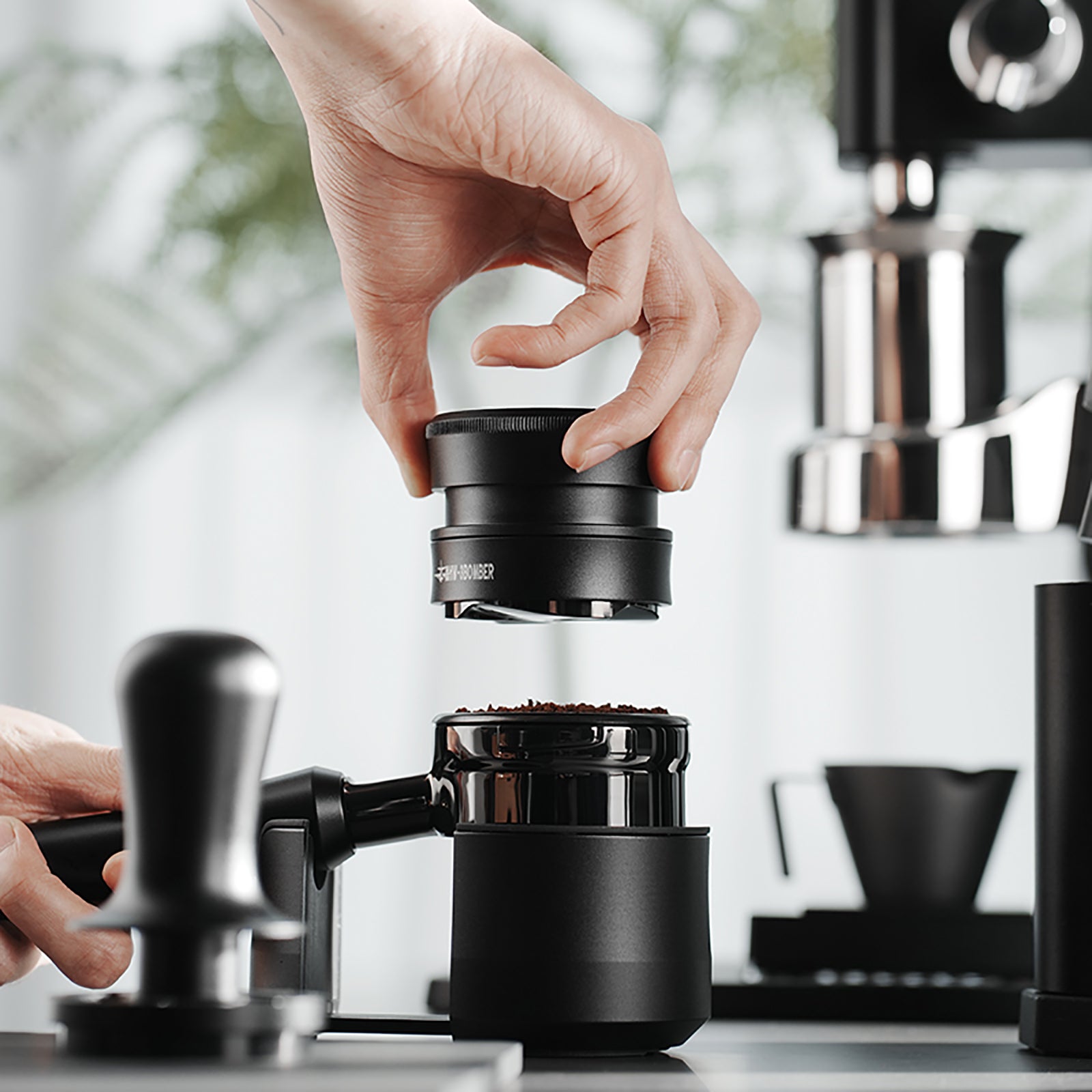 MHW-3BOMBER Astra Collection Coffee Distributor - 58mm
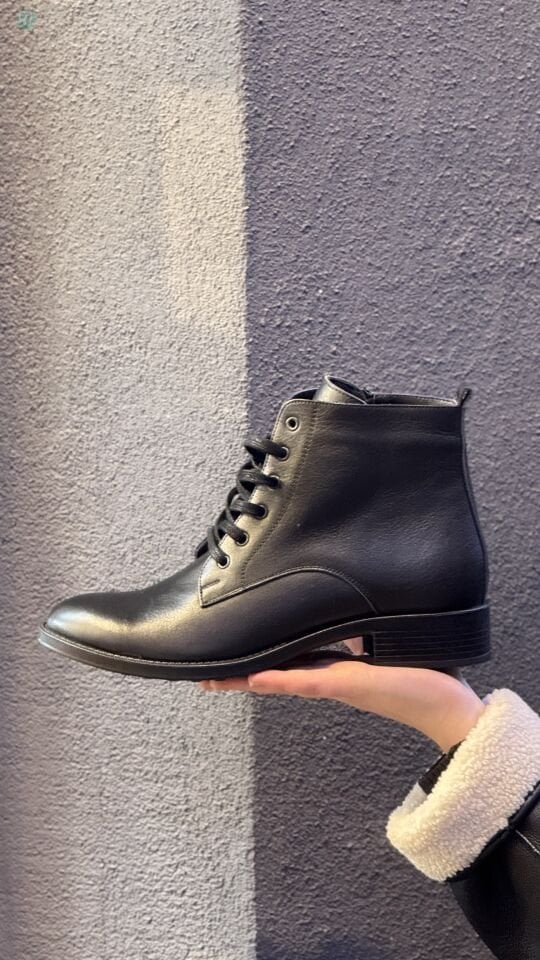 NEHİR İ-040 Bağcıklı Klasik Hakiki Deri Bot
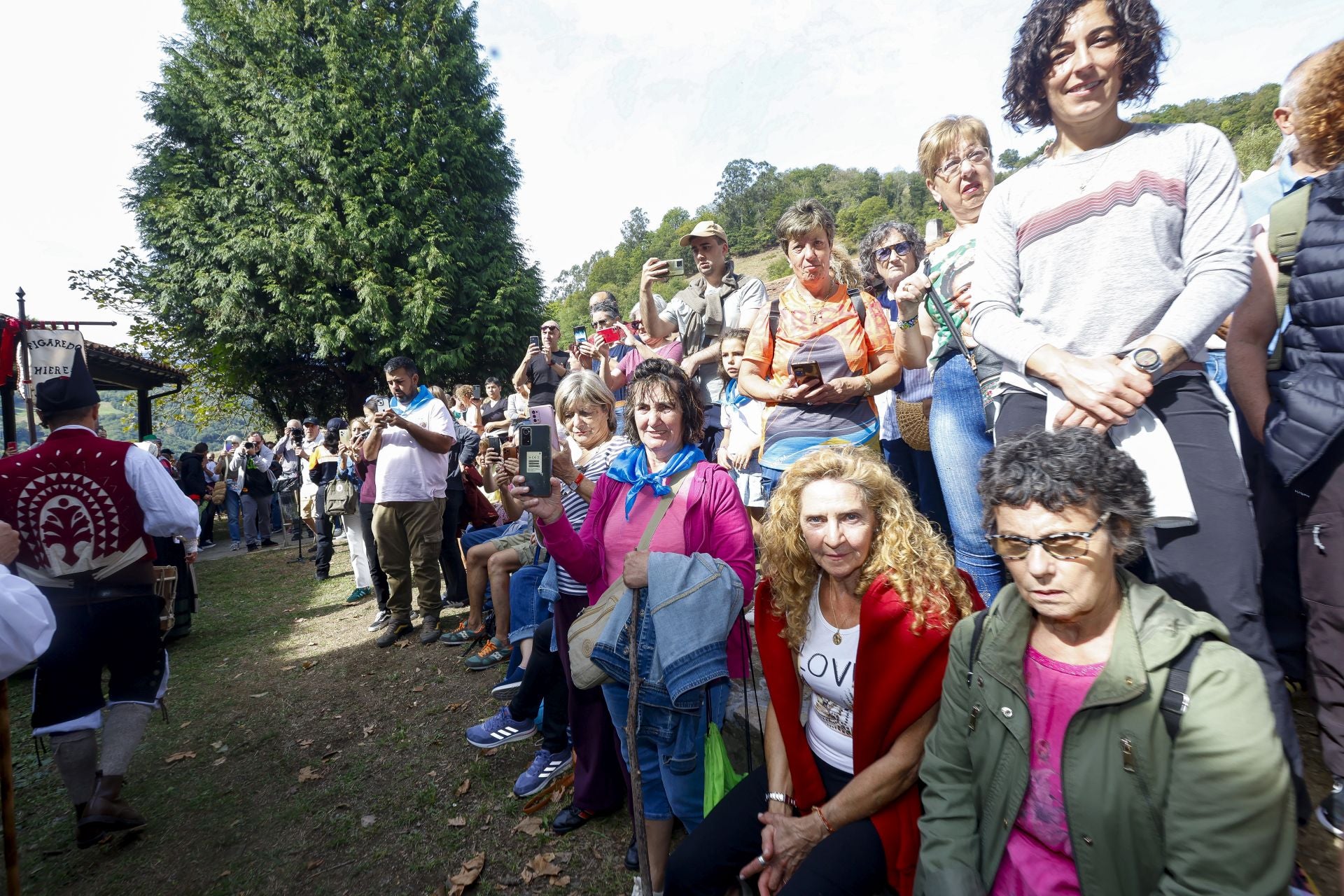 Los Mártires de Valdecuna llenan Mieres de tradición y celebración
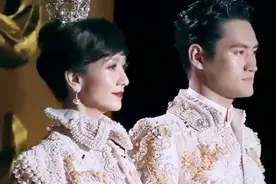 谢娜陈乔恩走秀再美比不过莫文蔚 赵雅芝艳压全场 千年等一回啊视频封面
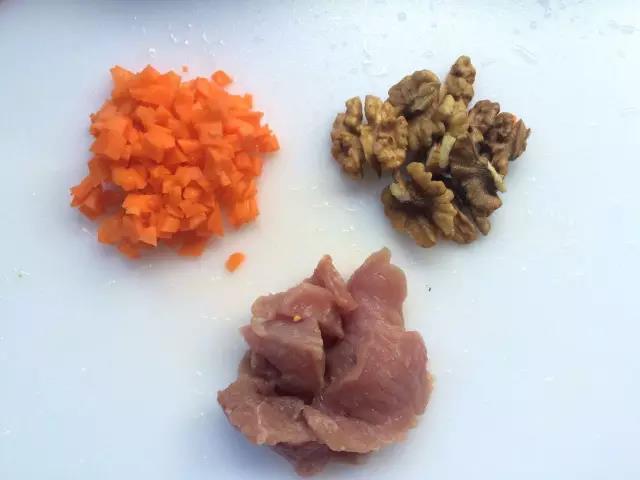 胡萝卜切碎，核桃去核，肉切片备用。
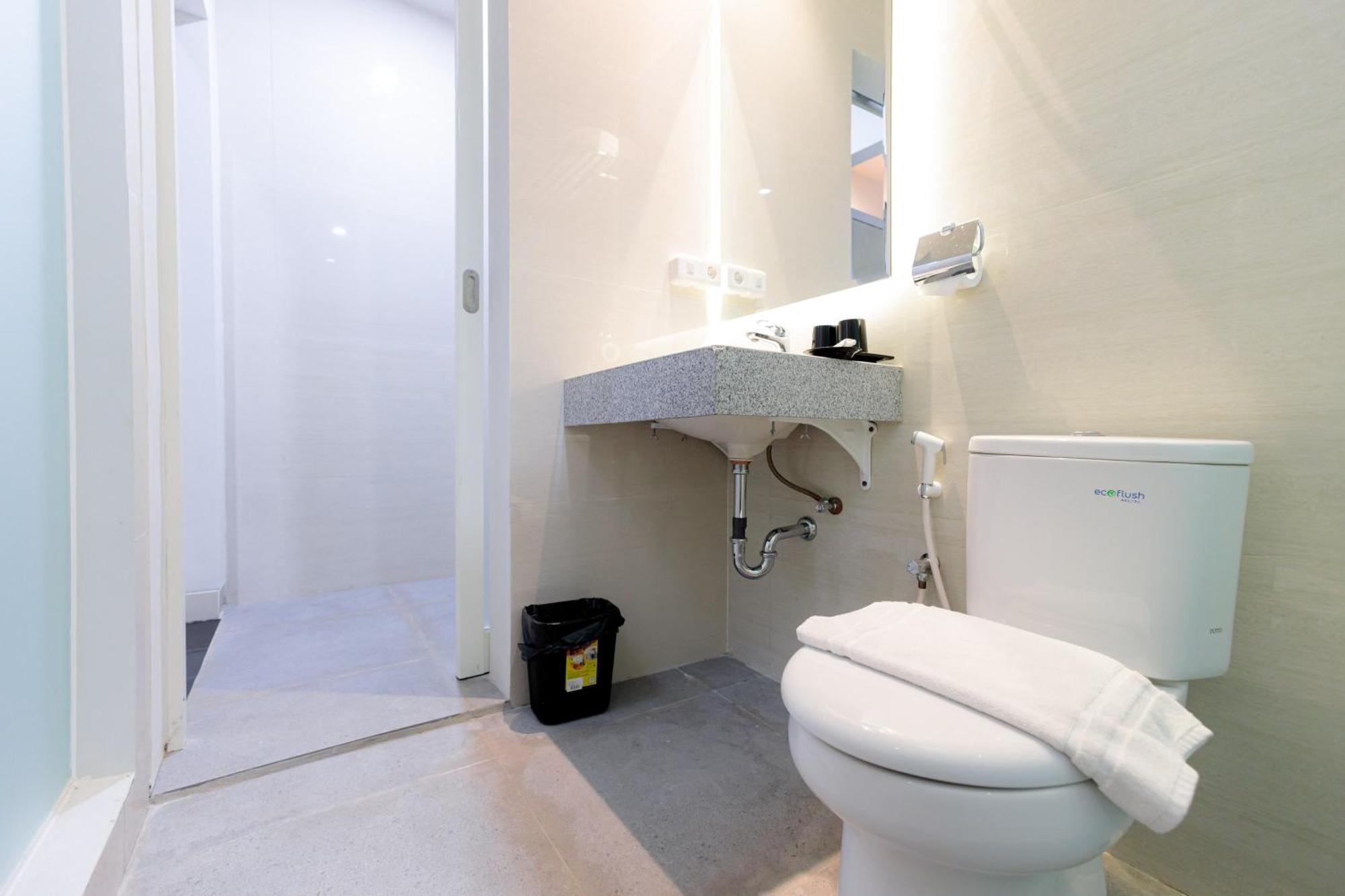 Sans Hotel 88 Andalan Surabaya By Reddoorz Extérieur photo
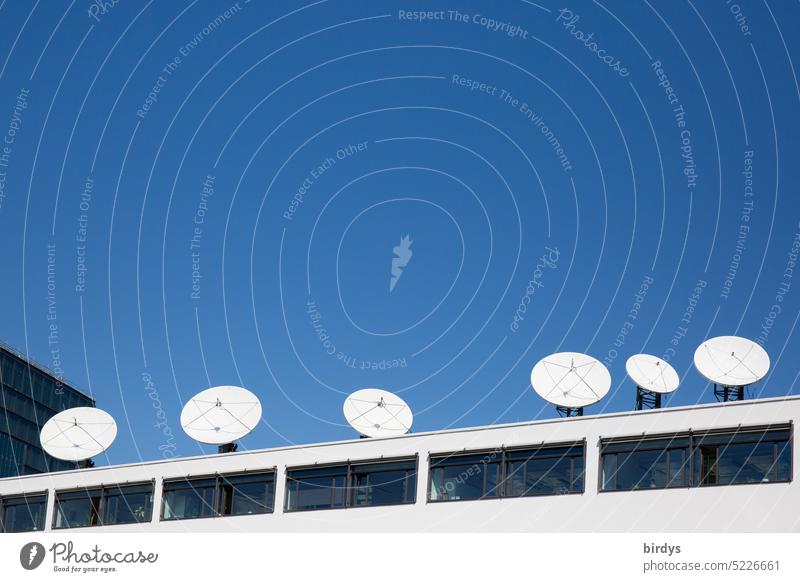 viele Satelittenschüsseln auf einem Flachdach Satelittenempfang Datenübertragung Ausrichtung Satelittentechnik Satelittensignal Datenverkehr Gebäude fenster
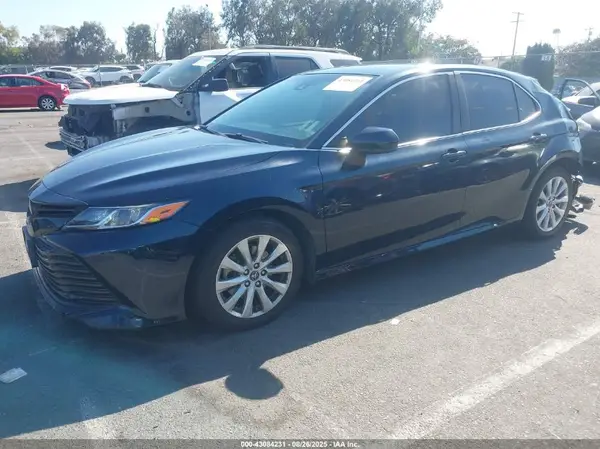JTNB11HK5J3041141 2018 TOYOTA CAMRY - Image 2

---------------

EXERCISE DETAILS:
The answer is the full listing above, reproduced character for character, minus its images.

FINISHED EXERCISE:
 MHW-3BOMBER Astra Collection Coffee Distributor - 58mm
 NEHİR İ-040 Bağcıklı Klasik Hakiki Deri Bot
 Los Mártires de Valdecuna llenan Mieres de tradición y celebración
 谢娜陈乔恩走秀再美比不过莫文蔚 赵雅芝艳压全场 千年等一回啊视频封面
 胡萝卜切碎，核桃去核，肉切片备用。
 Sans Hotel 88 Andalan Surabaya By Reddoorz Extérieur photo
 viele Satelittenschüsseln auf einem Flachdach Satelittenempfang Datenübertragung Ausrichtung Satelittentechnik Satelittensignal Datenverkehr Gebäude fenster
JTNB11HK5J3041141 2018 TOYOTA CAMRY - Image 2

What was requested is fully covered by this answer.